### Work to complete
What you return must be an exact copy of the lines in the listing below between the line holding "7447 W 81ST STREET Los Angeles, CA 90045" and the line holding "Örebros målvakt Julius Hudacek deppar", inclusive, and nothing more.

### Source data

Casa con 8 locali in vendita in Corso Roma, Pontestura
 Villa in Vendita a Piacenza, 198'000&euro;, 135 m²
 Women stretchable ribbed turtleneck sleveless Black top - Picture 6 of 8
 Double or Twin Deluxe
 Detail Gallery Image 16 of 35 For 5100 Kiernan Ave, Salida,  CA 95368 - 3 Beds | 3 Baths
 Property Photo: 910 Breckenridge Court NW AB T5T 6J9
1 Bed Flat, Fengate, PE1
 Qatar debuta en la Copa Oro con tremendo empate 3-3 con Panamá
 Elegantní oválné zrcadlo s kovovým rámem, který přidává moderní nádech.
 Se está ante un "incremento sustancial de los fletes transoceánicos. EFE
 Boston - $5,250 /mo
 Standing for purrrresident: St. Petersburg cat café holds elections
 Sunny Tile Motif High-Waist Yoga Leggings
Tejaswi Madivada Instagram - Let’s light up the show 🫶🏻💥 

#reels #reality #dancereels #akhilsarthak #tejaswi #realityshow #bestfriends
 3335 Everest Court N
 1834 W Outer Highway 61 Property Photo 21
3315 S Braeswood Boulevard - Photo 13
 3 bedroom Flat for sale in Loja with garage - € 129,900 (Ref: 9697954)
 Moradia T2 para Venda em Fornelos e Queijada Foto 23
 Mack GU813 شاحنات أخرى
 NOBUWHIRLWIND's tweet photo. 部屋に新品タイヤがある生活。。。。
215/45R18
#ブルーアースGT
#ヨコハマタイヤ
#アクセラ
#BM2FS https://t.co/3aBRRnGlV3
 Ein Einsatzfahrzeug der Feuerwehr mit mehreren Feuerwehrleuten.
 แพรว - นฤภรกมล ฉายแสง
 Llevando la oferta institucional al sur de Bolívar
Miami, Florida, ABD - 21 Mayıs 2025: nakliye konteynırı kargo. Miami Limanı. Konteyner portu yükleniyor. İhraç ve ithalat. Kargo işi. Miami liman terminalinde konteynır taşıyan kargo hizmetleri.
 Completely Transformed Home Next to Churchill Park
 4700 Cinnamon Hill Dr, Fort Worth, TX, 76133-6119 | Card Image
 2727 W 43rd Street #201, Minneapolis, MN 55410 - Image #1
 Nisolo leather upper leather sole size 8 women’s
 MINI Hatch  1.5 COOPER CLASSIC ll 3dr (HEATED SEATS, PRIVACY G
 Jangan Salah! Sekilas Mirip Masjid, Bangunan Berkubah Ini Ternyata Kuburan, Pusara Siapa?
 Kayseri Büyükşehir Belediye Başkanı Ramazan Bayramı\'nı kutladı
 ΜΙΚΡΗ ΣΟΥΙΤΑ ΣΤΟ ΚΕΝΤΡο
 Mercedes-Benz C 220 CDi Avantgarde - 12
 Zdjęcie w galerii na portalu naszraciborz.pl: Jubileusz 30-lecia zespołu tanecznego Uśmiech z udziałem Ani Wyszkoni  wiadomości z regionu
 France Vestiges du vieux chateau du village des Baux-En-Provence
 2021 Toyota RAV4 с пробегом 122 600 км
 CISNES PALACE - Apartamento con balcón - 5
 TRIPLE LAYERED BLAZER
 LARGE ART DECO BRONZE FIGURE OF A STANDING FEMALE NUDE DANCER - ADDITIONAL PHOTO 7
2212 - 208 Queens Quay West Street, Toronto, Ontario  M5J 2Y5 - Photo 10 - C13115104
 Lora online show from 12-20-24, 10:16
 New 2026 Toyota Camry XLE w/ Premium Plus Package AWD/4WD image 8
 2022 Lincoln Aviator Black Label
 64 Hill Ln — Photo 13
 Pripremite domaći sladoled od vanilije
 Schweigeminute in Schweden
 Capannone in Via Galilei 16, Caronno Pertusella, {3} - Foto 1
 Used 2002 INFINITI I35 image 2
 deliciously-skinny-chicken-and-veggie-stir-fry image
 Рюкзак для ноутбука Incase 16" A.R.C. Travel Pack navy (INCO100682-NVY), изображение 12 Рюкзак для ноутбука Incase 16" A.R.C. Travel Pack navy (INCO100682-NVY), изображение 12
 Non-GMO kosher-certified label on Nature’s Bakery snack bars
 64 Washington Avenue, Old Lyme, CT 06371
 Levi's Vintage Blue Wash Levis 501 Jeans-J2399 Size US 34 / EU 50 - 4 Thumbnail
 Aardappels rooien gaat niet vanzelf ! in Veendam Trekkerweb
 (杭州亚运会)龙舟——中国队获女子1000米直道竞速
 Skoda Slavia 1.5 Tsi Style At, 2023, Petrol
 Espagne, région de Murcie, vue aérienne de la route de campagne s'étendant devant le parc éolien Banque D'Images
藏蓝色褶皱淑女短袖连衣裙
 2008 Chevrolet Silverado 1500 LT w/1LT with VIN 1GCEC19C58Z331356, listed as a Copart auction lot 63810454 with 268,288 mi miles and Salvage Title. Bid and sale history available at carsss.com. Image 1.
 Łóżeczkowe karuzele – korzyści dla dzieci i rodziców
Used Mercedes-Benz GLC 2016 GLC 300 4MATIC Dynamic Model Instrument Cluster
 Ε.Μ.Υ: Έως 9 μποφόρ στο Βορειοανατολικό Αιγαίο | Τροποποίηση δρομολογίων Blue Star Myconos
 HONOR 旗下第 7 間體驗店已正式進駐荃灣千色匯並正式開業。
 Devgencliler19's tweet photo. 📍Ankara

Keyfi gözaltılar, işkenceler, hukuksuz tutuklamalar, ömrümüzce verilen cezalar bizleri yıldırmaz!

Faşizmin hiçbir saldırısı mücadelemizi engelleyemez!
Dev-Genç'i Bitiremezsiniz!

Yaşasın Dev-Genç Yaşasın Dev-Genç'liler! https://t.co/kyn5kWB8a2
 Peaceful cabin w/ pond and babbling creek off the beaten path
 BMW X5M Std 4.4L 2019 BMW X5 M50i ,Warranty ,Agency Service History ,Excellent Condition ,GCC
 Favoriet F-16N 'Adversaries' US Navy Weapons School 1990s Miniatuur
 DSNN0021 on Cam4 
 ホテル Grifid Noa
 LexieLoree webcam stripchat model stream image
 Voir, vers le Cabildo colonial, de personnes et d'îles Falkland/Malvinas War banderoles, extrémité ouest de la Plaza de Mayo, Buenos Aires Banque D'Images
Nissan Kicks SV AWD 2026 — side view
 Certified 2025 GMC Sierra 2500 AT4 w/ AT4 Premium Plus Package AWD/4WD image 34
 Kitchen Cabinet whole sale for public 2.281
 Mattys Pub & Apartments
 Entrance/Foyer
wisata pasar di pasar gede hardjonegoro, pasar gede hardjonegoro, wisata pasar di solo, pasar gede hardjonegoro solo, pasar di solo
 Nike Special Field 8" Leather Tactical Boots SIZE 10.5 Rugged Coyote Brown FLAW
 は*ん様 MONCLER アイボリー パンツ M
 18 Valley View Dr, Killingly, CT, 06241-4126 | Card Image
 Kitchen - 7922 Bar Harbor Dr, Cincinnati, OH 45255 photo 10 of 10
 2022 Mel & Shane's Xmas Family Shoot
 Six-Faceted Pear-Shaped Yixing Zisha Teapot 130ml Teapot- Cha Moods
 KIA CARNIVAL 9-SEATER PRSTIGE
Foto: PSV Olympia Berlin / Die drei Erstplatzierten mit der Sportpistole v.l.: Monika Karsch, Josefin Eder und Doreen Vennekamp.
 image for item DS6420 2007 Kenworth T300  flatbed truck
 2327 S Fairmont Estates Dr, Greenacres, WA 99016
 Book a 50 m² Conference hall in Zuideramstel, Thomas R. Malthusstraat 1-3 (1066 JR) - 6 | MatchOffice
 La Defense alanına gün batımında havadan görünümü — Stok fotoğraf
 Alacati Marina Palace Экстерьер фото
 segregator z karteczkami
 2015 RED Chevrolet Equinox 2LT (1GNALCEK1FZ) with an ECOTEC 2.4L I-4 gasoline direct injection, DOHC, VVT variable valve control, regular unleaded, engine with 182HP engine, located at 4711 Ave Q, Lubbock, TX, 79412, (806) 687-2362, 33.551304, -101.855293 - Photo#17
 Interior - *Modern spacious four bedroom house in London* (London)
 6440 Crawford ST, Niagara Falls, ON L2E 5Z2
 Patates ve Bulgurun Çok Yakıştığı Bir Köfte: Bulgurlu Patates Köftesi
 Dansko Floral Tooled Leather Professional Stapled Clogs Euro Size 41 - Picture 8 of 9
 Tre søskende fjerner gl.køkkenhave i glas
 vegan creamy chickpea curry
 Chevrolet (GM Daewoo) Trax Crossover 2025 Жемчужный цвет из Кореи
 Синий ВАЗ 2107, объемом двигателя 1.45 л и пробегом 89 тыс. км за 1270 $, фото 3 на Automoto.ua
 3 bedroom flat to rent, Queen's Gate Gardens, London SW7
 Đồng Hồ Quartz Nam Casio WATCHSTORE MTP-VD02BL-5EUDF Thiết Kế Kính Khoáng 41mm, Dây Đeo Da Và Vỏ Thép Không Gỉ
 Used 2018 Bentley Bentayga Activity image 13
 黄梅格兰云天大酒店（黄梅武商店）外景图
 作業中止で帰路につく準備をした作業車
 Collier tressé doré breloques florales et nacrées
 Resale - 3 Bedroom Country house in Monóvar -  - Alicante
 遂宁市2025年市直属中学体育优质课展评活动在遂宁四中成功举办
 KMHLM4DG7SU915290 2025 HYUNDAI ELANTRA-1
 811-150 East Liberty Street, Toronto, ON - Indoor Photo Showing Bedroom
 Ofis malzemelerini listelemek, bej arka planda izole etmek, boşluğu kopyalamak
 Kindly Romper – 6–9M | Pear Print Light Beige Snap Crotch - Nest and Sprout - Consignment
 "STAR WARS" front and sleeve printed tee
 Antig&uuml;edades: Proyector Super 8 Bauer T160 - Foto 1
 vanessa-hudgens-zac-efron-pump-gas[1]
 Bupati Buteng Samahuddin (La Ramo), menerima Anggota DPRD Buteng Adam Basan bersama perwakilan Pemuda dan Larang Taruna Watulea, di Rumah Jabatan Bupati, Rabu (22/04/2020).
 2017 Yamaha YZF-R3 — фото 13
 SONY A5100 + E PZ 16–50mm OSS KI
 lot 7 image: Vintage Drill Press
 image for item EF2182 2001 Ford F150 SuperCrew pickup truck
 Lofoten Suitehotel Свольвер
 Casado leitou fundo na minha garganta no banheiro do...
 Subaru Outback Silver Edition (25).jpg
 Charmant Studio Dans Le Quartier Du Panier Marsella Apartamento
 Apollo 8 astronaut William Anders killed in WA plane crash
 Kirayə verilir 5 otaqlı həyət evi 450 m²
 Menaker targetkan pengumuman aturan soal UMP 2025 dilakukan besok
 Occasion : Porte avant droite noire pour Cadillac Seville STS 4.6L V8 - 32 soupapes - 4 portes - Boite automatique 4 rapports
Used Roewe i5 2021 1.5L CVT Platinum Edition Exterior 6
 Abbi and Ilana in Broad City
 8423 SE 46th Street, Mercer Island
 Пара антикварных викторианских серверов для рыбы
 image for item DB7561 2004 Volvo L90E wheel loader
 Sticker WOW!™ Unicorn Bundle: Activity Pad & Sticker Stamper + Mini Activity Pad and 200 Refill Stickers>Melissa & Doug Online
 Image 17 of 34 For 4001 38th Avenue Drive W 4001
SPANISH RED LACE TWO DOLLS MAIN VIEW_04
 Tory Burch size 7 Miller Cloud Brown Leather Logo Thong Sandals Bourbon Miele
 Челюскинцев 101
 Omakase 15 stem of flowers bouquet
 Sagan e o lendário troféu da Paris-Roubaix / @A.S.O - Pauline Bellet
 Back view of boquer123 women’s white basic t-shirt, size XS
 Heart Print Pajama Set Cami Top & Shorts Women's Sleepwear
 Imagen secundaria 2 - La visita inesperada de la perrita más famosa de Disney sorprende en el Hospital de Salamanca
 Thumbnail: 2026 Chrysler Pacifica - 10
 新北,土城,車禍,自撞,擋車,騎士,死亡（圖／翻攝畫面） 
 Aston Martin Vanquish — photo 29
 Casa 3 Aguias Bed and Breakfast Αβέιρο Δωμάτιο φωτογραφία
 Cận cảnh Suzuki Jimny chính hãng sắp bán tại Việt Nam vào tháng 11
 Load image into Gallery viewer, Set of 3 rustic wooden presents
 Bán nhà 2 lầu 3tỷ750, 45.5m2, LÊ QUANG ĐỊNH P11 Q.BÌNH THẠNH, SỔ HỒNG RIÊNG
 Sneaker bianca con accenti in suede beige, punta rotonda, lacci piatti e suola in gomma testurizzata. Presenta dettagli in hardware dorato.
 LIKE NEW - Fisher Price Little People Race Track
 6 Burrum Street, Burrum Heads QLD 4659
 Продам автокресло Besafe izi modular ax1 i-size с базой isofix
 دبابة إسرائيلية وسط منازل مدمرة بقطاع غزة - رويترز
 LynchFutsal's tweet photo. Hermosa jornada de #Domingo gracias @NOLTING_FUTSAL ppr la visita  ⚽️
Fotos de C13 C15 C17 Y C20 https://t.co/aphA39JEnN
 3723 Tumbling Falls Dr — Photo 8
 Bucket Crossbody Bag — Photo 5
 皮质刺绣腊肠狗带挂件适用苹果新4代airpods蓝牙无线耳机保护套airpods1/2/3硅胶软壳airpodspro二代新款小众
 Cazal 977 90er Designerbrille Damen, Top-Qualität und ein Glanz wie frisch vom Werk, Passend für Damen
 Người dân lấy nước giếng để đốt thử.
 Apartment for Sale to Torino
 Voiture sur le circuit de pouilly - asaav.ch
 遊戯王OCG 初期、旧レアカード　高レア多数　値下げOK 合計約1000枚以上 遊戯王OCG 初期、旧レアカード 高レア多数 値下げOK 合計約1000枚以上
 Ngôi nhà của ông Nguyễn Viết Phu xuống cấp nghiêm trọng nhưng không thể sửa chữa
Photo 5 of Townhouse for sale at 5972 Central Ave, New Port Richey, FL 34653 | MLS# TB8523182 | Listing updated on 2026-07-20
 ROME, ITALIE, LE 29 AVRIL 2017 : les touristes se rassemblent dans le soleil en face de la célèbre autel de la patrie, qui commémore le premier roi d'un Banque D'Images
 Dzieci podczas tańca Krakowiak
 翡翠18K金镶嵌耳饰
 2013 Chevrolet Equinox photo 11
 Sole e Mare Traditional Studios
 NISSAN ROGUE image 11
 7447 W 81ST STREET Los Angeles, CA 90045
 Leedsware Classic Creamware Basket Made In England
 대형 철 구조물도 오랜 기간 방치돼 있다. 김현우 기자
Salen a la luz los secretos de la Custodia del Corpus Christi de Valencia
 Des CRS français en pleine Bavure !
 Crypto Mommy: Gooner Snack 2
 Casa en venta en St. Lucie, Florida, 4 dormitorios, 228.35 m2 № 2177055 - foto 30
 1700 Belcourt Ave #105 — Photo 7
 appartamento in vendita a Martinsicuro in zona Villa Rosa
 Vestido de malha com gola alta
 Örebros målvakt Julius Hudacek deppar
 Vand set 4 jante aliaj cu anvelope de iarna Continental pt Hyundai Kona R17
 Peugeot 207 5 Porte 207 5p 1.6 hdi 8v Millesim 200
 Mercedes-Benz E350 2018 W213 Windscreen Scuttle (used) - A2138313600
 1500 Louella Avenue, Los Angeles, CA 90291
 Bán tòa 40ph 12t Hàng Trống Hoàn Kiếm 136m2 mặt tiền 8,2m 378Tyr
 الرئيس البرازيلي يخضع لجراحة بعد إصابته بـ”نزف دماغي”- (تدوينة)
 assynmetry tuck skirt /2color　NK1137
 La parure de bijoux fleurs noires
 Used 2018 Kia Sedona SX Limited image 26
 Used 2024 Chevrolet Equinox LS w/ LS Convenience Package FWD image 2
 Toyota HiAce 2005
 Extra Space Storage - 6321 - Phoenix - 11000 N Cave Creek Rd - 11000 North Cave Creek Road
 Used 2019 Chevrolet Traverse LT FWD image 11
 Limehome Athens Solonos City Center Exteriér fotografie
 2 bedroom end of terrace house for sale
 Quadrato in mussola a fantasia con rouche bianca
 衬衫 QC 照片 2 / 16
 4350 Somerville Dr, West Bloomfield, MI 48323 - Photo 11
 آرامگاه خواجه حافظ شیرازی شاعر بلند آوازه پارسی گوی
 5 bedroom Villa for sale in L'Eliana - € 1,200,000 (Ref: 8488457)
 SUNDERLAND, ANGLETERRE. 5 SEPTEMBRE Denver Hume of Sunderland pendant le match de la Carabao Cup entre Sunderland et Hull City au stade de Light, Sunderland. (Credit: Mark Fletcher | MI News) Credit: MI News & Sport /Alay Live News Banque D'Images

### Solution to this task
 7447 W 81ST STREET Los Angeles, CA 90045
 Leedsware Classic Creamware Basket Made In England
 대형 철 구조물도 오랜 기간 방치돼 있다. 김현우 기자
Salen a la luz los secretos de la Custodia del Corpus Christi de Valencia
 Des CRS français en pleine Bavure !
 Crypto Mommy: Gooner Snack 2
 Casa en venta en St. Lucie, Florida, 4 dormitorios, 228.35 m2 № 2177055 - foto 30
 1700 Belcourt Ave #105 — Photo 7
 appartamento in vendita a Martinsicuro in zona Villa Rosa
 Vestido de malha com gola alta
 Örebros målvakt Julius Hudacek deppar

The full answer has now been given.